» **What is being asked**
If an entry contains a picture, leave the picture out and reproduce everything else in the records below exactly.

» **Data for analysis**
"""
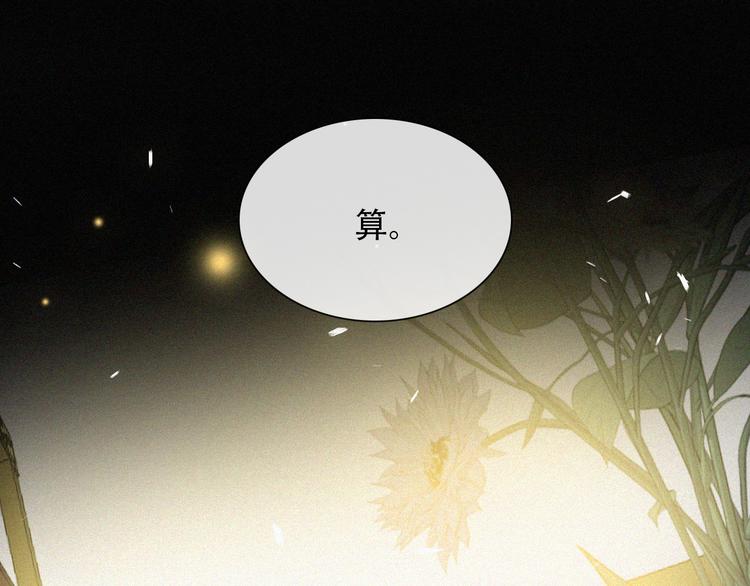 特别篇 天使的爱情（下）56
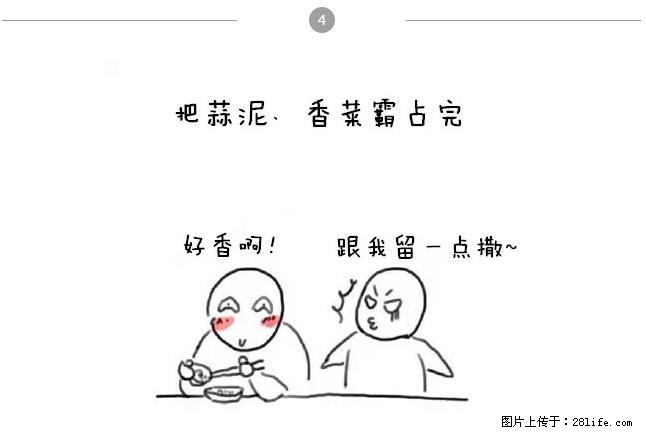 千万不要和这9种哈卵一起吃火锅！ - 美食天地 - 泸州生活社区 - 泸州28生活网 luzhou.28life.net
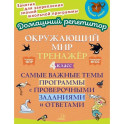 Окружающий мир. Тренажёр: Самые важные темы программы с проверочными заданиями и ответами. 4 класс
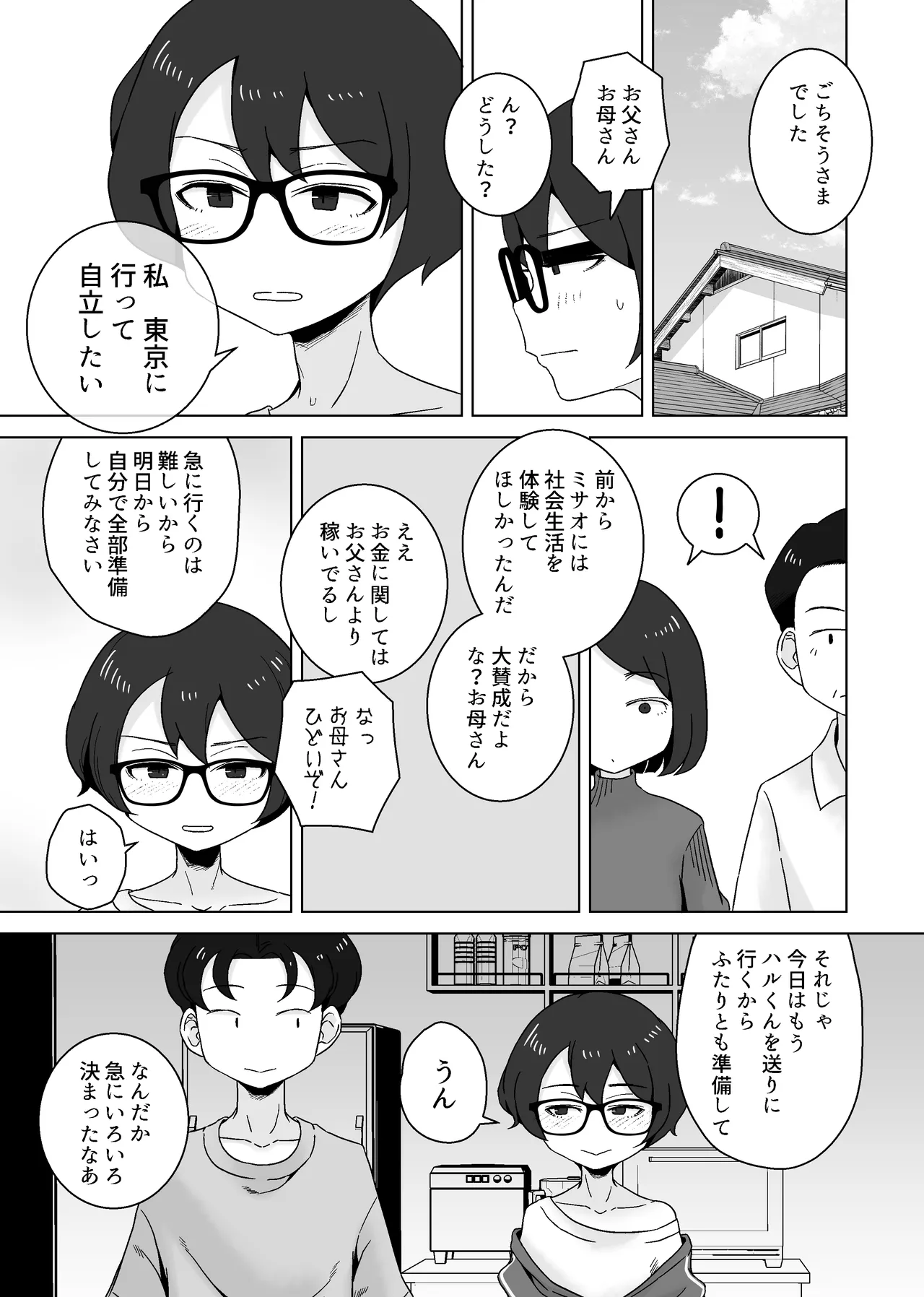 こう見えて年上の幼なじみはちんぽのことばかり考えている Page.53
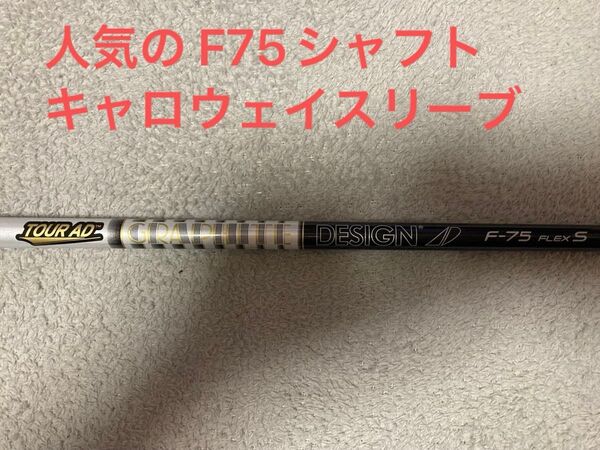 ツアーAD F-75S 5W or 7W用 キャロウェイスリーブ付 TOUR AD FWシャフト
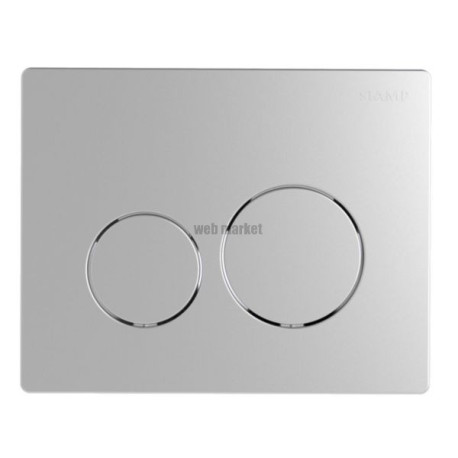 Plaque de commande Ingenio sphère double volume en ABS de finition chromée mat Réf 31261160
"""
» **Solution to this exercise**
 特别篇 天使的爱情（下）56
 千万不要和这9种哈卵一起吃火锅！ - 美食天地 - 泸州生活社区 - 泸州28生活网 luzhou.28life.net
 Окружающий мир. Тренажёр: Самые важные темы программы с проверочными заданиями и ответами. 4 класс
 こう見えて年上の幼なじみはちんぽのことばかり考えている Page.53
 ツアーAD F-75S 5W or 7W用 キャロウェイスリーブ付 TOUR AD FWシャフト
 Plaque de commande Ingenio sphère double volume en ABS de finition chromée mat Réf 31261160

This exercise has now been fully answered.